Given records =
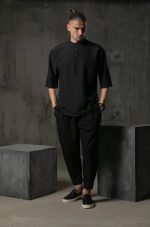 HENRY COMFORT TEXTURED TROUSERS - Image 3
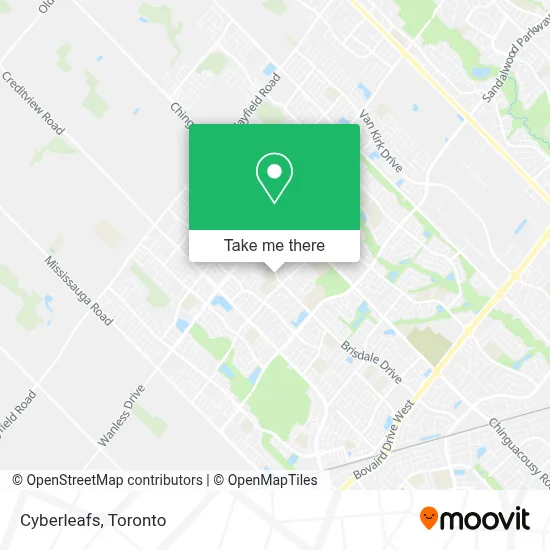 Cyberleafs map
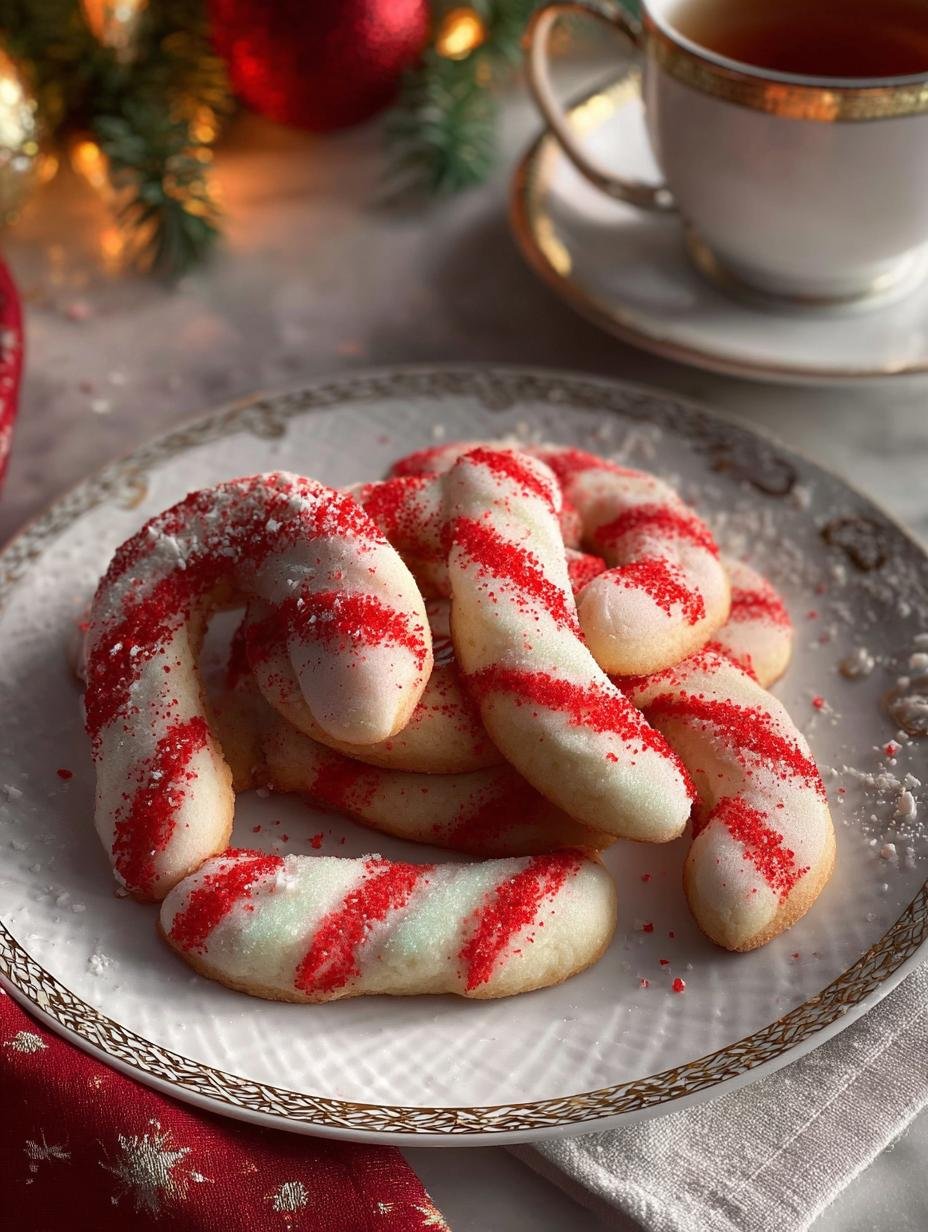 Delicious Candy Cane Cookies for Festive Celebrations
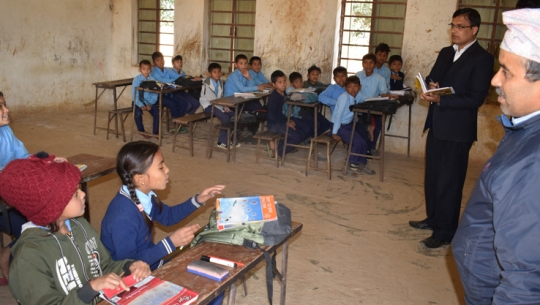 Suranaya village of Baitadi starts monitoring the schools in the village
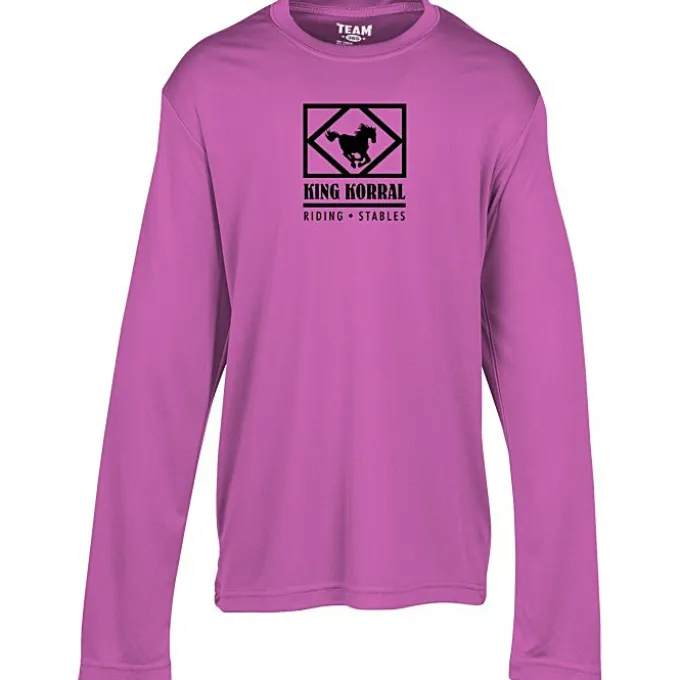 Zone Performance Long Sleeve Tee - Youth - Screen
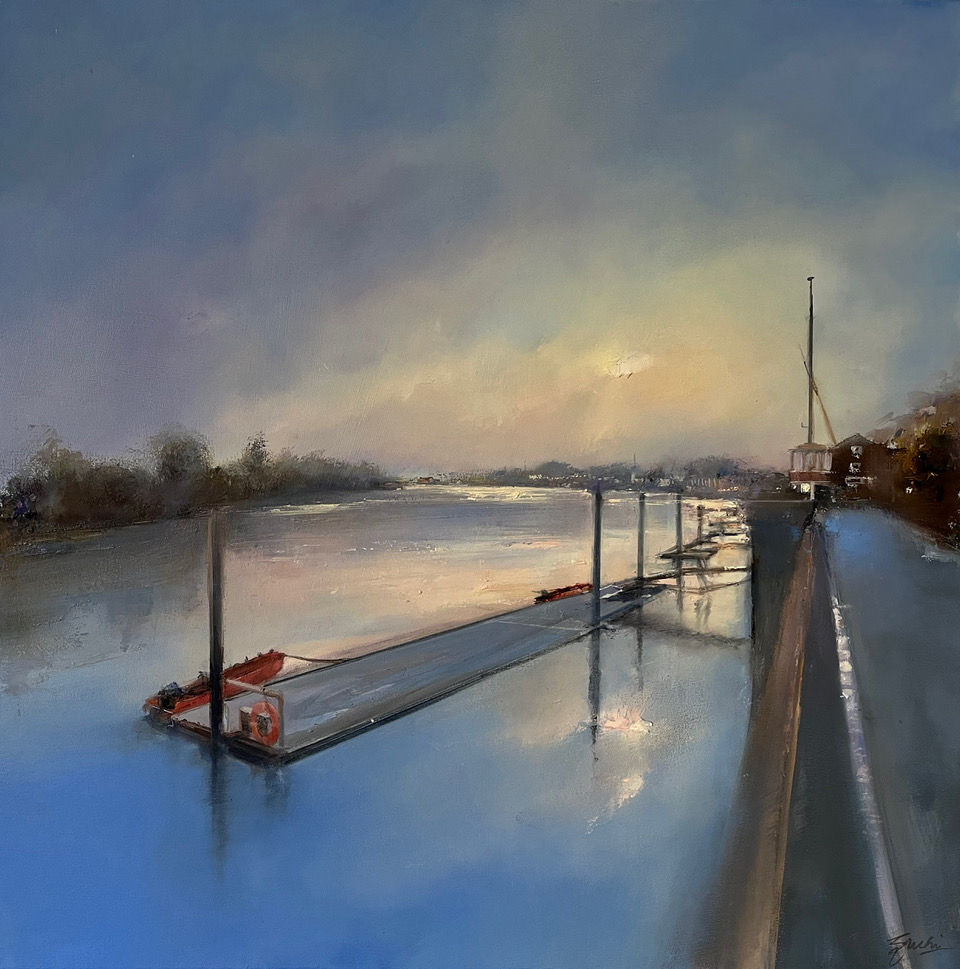 Evening reflections by the river by Suchi Chidambaram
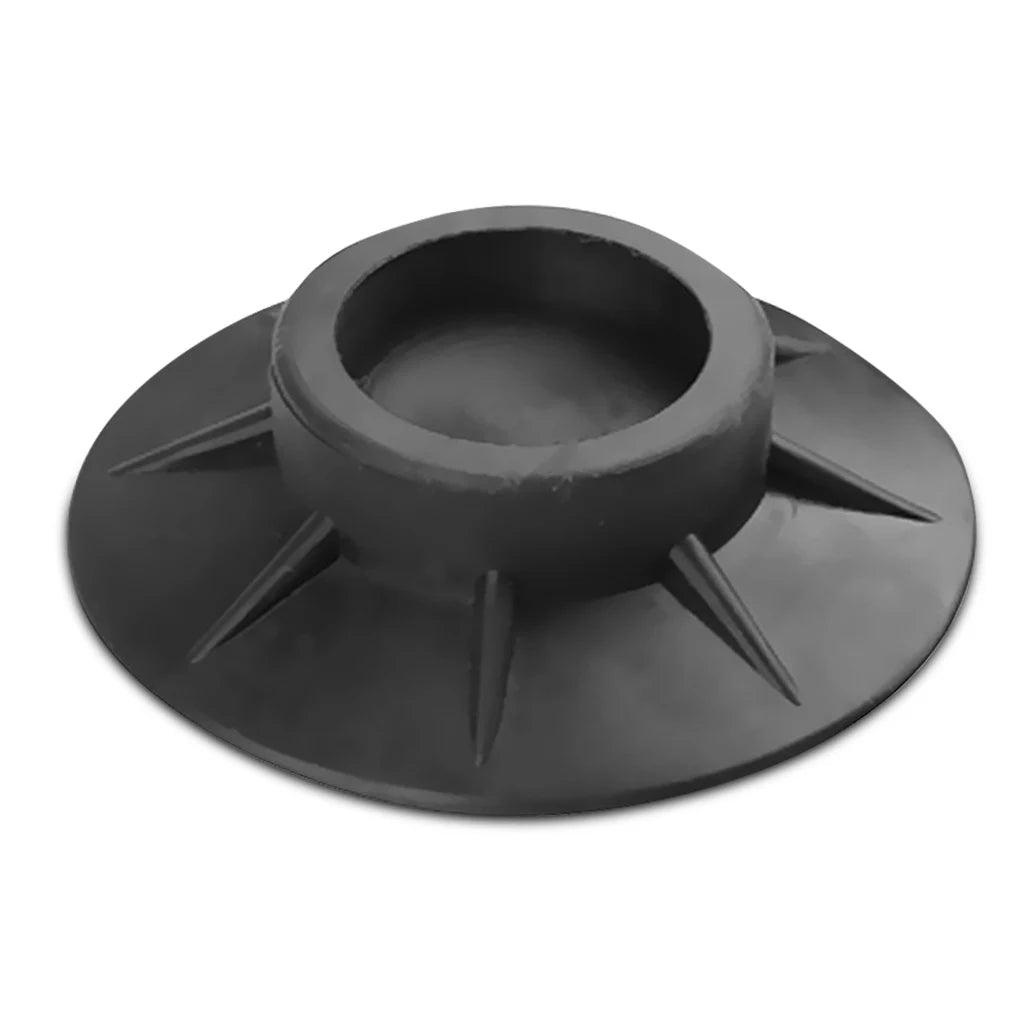 Black anti-vibration rubber pads designed for washing machines and dryers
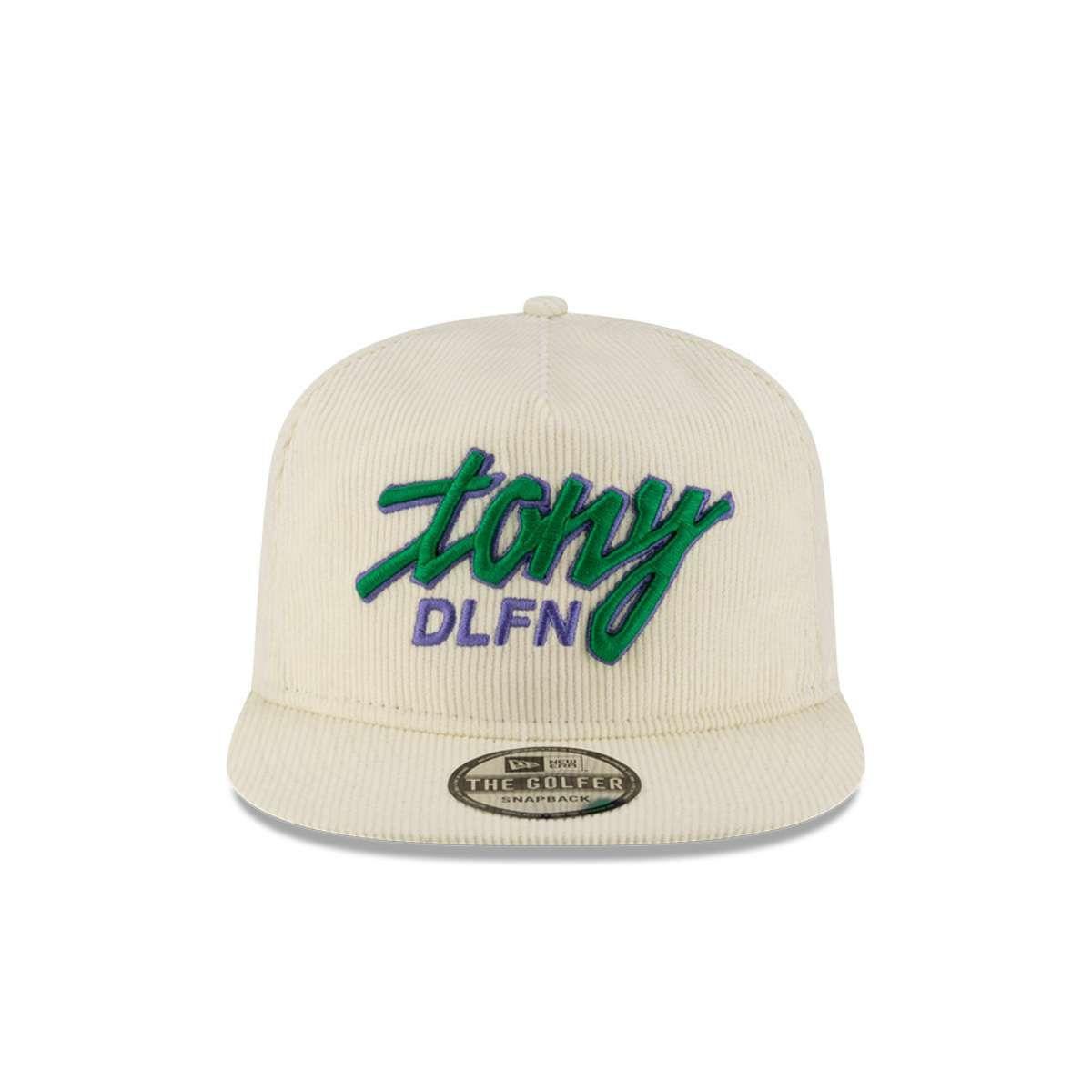 Golfer Tony Delfino Corduroy Chrome White New Era - 70879956-2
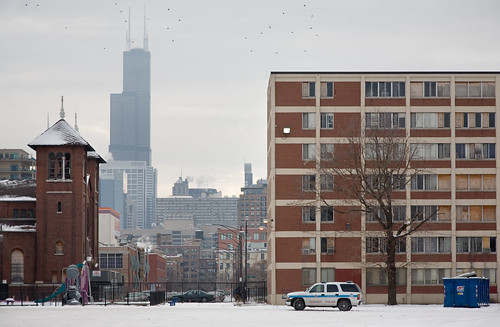 Cabrini Green Police and Sears Tower by metroblossom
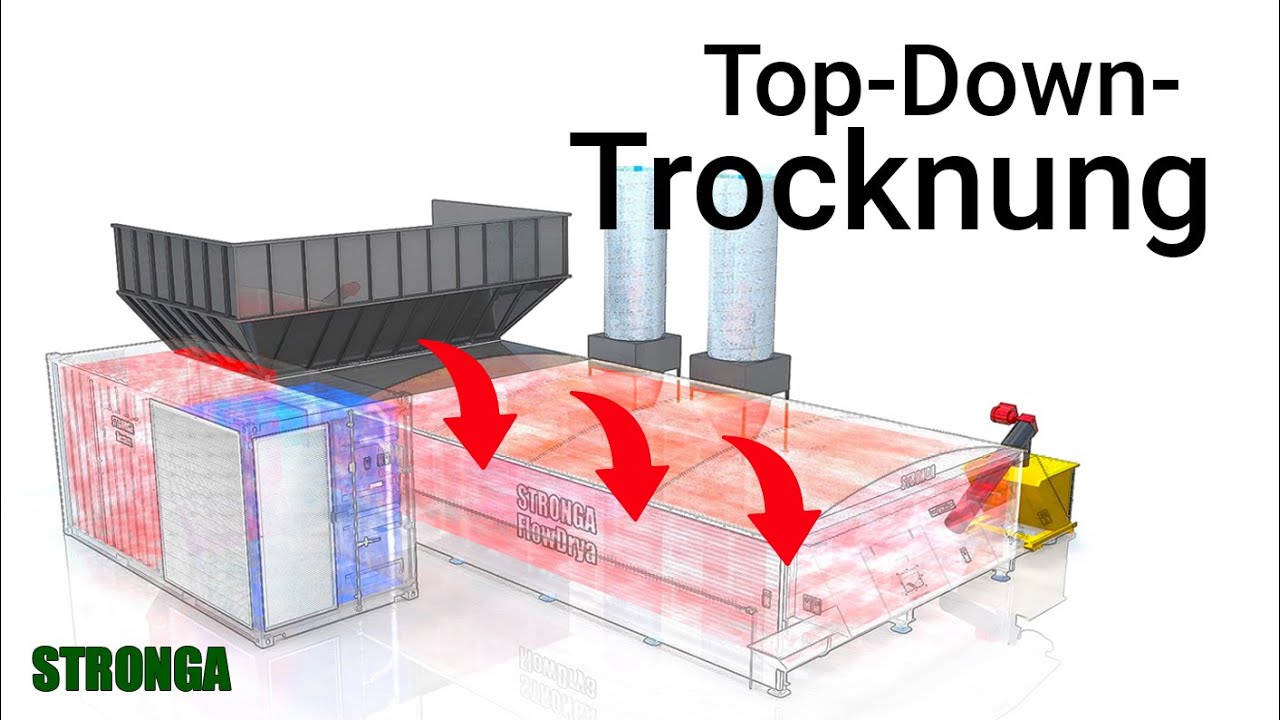 FlowDrya Kleinmaterialtrocknung - Sägespäne, Sägemehl & mehr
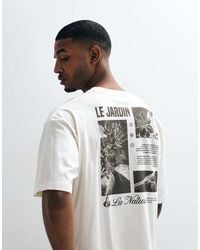 ASOS - Boxy Oversized T-shirt With Floral Back Graphic - Lyst
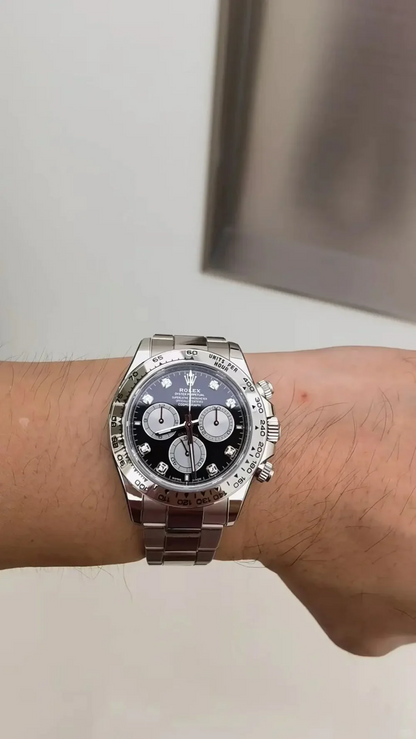 Rolex Cosmograph Daytona Oystersteel Slate Grey Diamond Dial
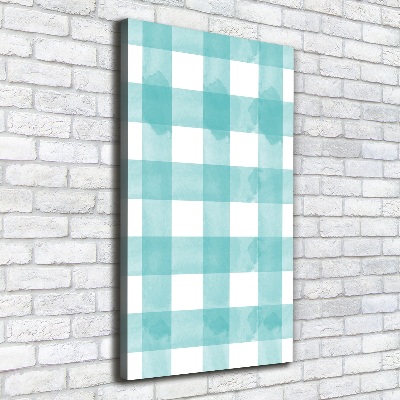 Large canvas wall art Blue grille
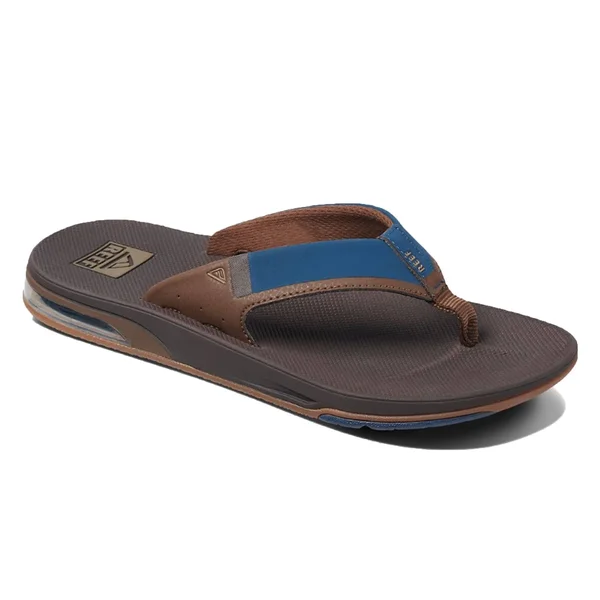 Reef Fanning Low Navy/Brown, 7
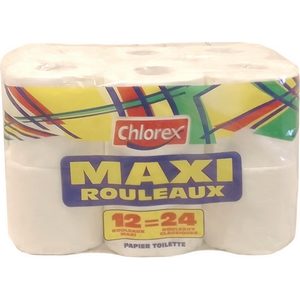 Chlorex papier toilette maxi 12=24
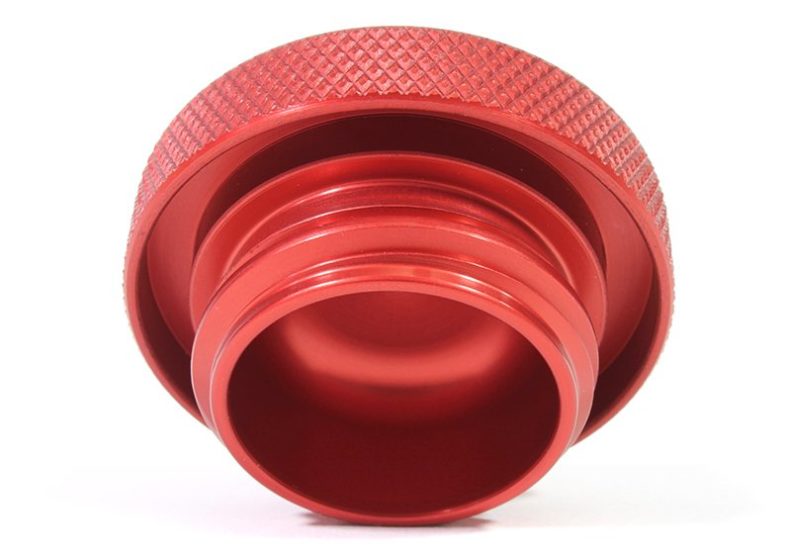 PERRIN PSP-ENG-711RD Oil Fill Cap BRZ/FR-S Round Style Red Anodized Photo-2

Work task = The answer must be the listing above, restated word for word, with no images in it.

Result of the task =
 HENRY COMFORT TEXTURED TROUSERS - Image 3
 Cyberleafs map
 Delicious Candy Cane Cookies for Festive Celebrations
 Suranaya village of Baitadi starts monitoring the schools in the village
 Zone Performance Long Sleeve Tee - Youth - Screen
 Evening reflections by the river by Suchi Chidambaram
 Black anti-vibration rubber pads designed for washing machines and dryers
 Golfer Tony Delfino Corduroy Chrome White New Era - 70879956-2
 Cabrini Green Police and Sears Tower by metroblossom
 FlowDrya Kleinmaterialtrocknung - Sägespäne, Sägemehl & mehr
 ASOS - Boxy Oversized T-shirt With Floral Back Graphic - Lyst
 Rolex Cosmograph Daytona Oystersteel Slate Grey Diamond Dial
 Large canvas wall art Blue grille
 Reef Fanning Low Navy/Brown, 7
 Chlorex papier toilette maxi 12=24
 PERRIN PSP-ENG-711RD Oil Fill Cap BRZ/FR-S Round Style Red Anodized Photo-2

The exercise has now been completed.